Generating the datasets#

We begin with an existing mock Universe. Let’s take the `CosmoDC2 extragalactic catalog<https://arxiv.org/abs/1907.06530>`_ as an example. The raw CosmoDC2 files are available on NERSC. In this tutorial, we look into how to process these files to prepare the training set. Processed files that were used in the paper are also stored on NERSC, but one can process any other simulation with any other configuration.

Convergence labels#

The trainval_data package contains modules to postprocess an existing simulation for inferring convergence. CosmoDC2 contains convergence values computed at around 1’ resolution, suitable for weak lensing studies. To add fluctuations at galaxy-galaxy lensing scales of 1”, we use the trainval_data.raytracers.cosmodc2_raytracer module to perform additional multi-plane raytracing.

Sampling sightlines#

We sample sightlines uniformly throughout CosmoDC2. We call them pointings throughout the code. Conveniently, the catalog is released in chunks of NSIDE=32 healpixes, so we operate on a healpix-by-healpix basis.

Input photometric catalog#

Once we have the pointings and the convergence labels associated with the pointings, we need to construct the input. This step involves querying galaxies located within an aperture around the pointing and applying some sensible selections, based on survey depth and photometric uncertainties. The selected galaxies comprise our “edgeless graph” input, basically a set.

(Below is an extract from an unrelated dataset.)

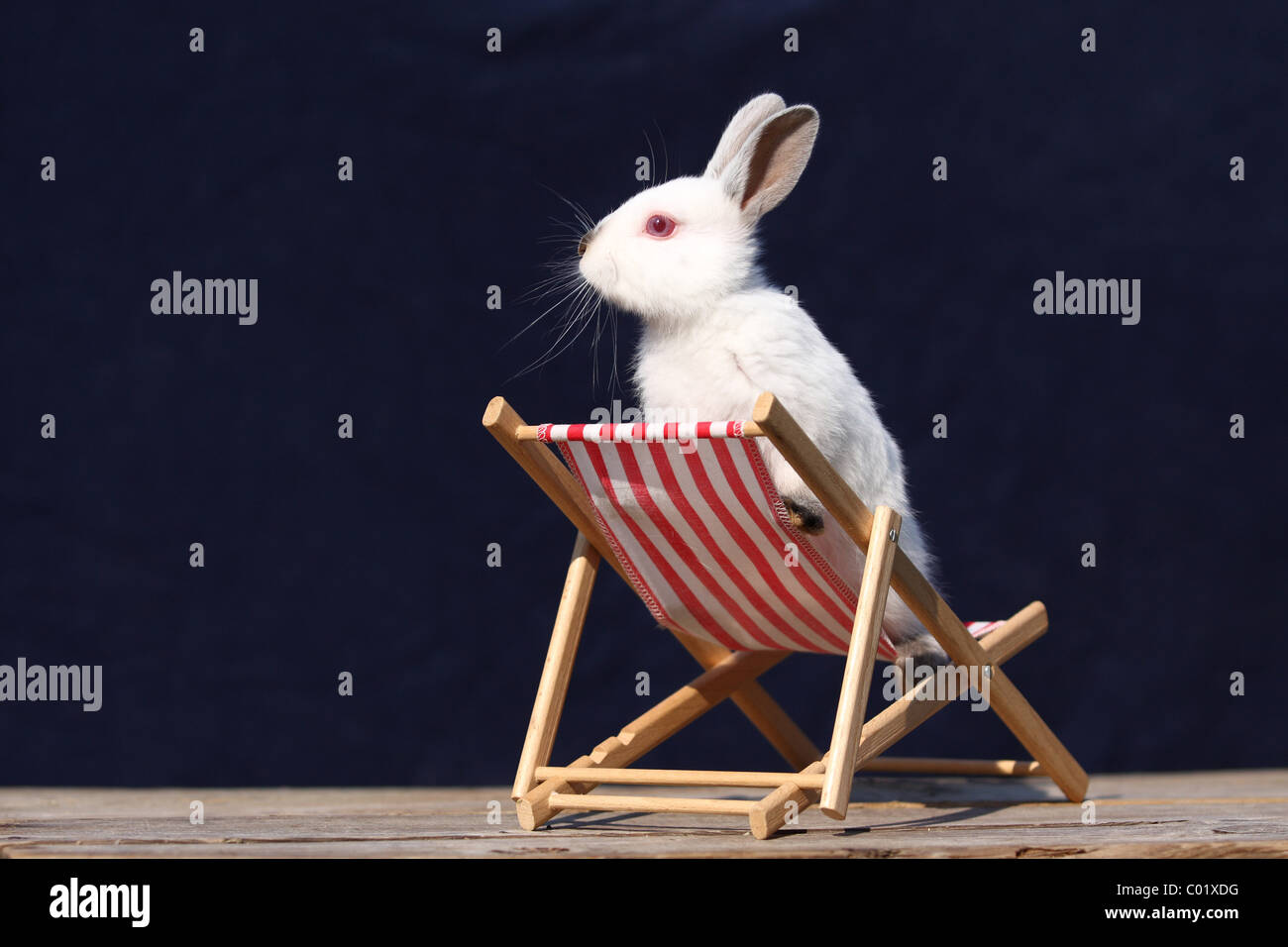 junge Kaninchen Stockfoto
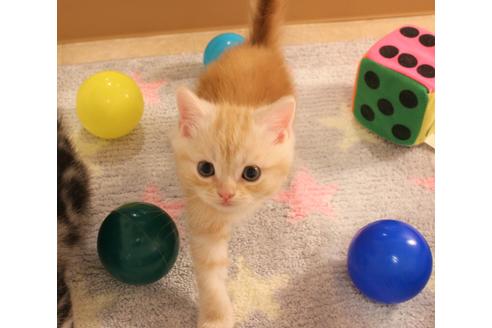 成約済の大阪府のマンチカン-7257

The trainval_data.graphs.cosmodc2_graph is responsible for the graph construction.

Usage#

On NERSC, run generate_data_any.py with the CosmoDC2 healpix ID as the keyword, e.g.

$python generate_data_any.py 10450

The healpix IDs currently available are: 9559, 9686, 9687, 9814, 9815, 9816, 9942, 9943, 10070, 10071, 10072, 10198, 10199, 10200, 10326, 10327, and 10450.